Non abbiamo mai festeggiato San Valentino perché l’amore tra noi non aveva bisogno di ricorrenze e di regali e di mazzi di fiori e di cioccolatini, non aveva neanche bisogno di una festa che ci ricordasse quanto ci amavamo, perché bastavamo noi a ricordarlo, bastava la nostra quotidianità quieta e usuale, bastavano gli sguardi e i piccoli gesti e le mezze parole.

Non è mai stato un “grande” amore, ma un amore grande che ci riempiva la vita e le mani e oggi che le mie mani mi sembrano così vuote, oggi che non ci sei, non ho più parole e allora cerco le parole nei libri e mi affido alle parole degli altri per esplorare il vuoto che sento dentro:

Il futuro

 “E so molto bene che non ci sarai.
Non ci sarai nella strada,
non nel mormorio che sgorga di notte
dai pali che la illuminano,
neppure nel gesto di scegliere il menù,
o nel sorriso che alleggerisce il “tutto completo” delle sotterranee,
nei libri prestati e nell’arrivederci a domani”.

Julio Cortázar

Cracovia - Il ghetto

Abbiamo bisogno di buone notizie.

La scena sembra quella di un film: c’è una banchina della metropolitana, c’è gente che aspetta l’arrivo del treno, poi improvvisamente la situazione precipita, un bambino piccolo piccolo, seduto sulla panchina vicino alla mamma, si alza e corre verso i binari cadendo.

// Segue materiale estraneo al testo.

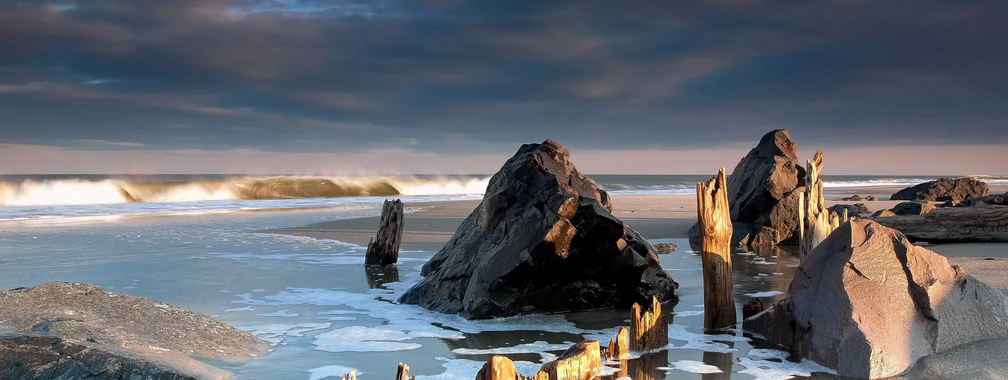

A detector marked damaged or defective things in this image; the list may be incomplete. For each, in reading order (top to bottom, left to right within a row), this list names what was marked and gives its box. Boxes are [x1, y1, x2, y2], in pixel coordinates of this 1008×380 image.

Le persone in stazione sembrano stranite, si avvicinano alle rotaie, guardano il bambino senza riuscire a decidere cosa fare, è una questione di attimi, il treno potrebbe entrare in stazione da un momento all’altro.

Poi compare dal nulla un giovane uomo, si toglie lo zainetto e si getta sui binari per recuperare il bambino e affidarlo alla mamma, poi con un salto risale sulla banchina e sparisce.

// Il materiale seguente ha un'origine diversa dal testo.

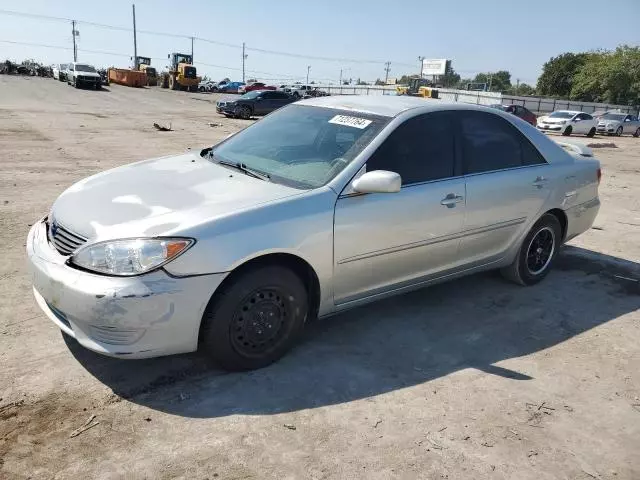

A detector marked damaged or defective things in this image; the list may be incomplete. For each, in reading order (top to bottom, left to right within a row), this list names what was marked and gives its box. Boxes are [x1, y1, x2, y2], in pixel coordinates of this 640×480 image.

damaged bumper [27, 219, 228, 358]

La buona notizia è che il bambino sta bene.

La buona notizia è che l’impiegato addetto al controllo della stazione stava facendo il suo lavoro, non era distratto o “fuori stanza”, ha visto la scena attraverso gli schermi e ha dato semaforo rosso al treno in arrivo.

La buona notizia è che ci sono ancora persone capaci di aiutare gli altri senza farsi tante domande, senza aspettarsi un premio, senza mettersi sotto i riflettori.

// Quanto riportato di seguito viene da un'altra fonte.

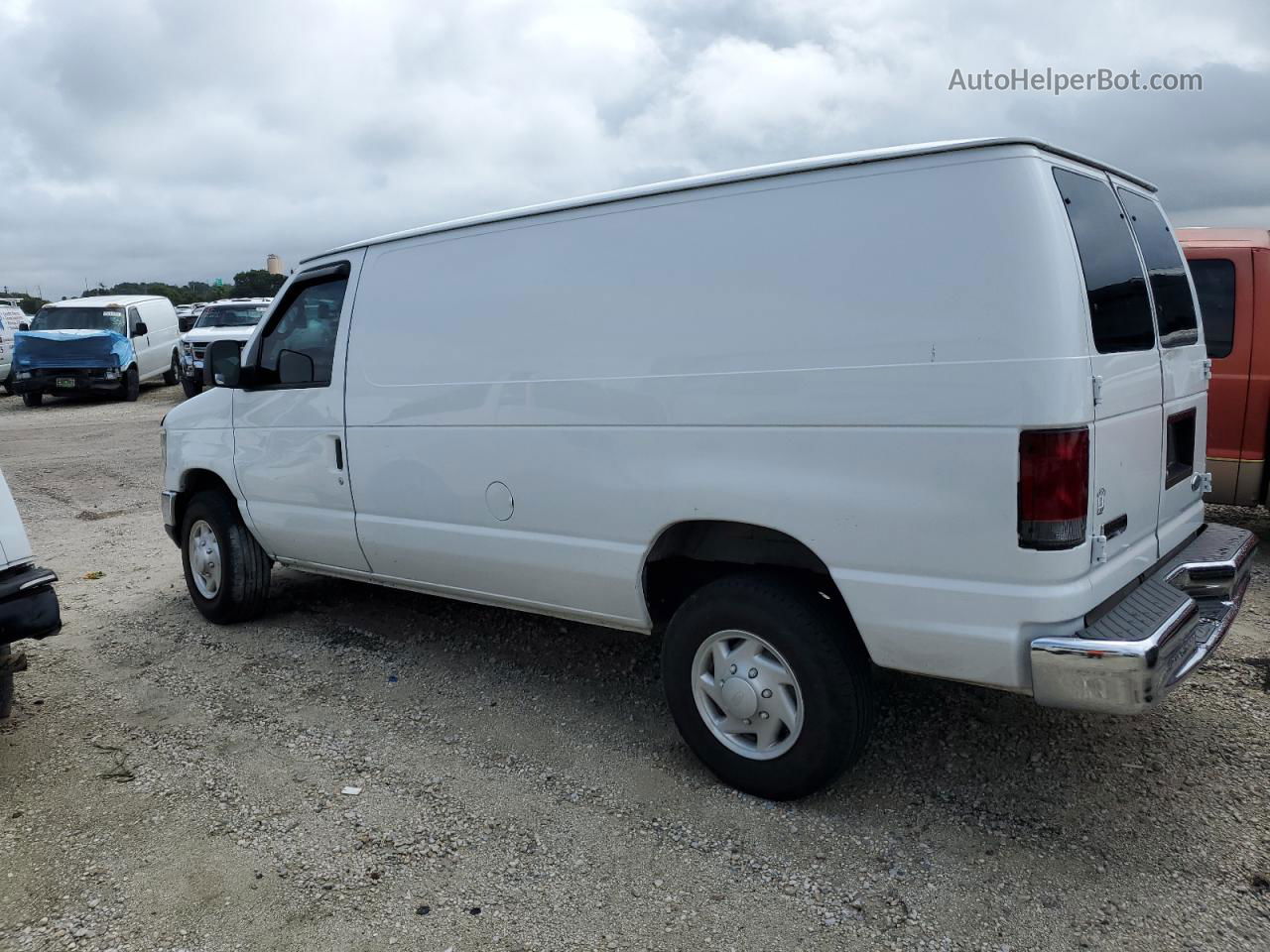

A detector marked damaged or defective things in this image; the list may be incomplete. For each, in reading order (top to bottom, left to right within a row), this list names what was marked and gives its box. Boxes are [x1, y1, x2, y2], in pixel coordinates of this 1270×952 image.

Non ce ne rendiamo conto, ma abbiamo bisogno di buone notizie.

Milano e dintorni Metro

La scuola di una volta.

Tutti coloro che, come me, hanno da molto superato gli “anta” oggi, alla notizia del genitore che ha aggredito l’insegnante reo di aver rimproverato il pargolo, devono aver rivolto un (grato) pensiero alla loro scuola, ai loro insegnanti e soprattutto ai loro genitori.

Personalmente sono grata ai miei genitori che non hanno mai preso le mie difese, che con infinito amore mi hanno insegnato quali erano i miei doveri, che mi hanno insegnato il rispetto per gli altri, per gli adulti e, in particolare, per i miei insegnanti che, ça va sans dire, quando mi rimproveravano avevano sempre ragione (… e di conseguenza mi sforzavo di farmi rimproverare molto poco).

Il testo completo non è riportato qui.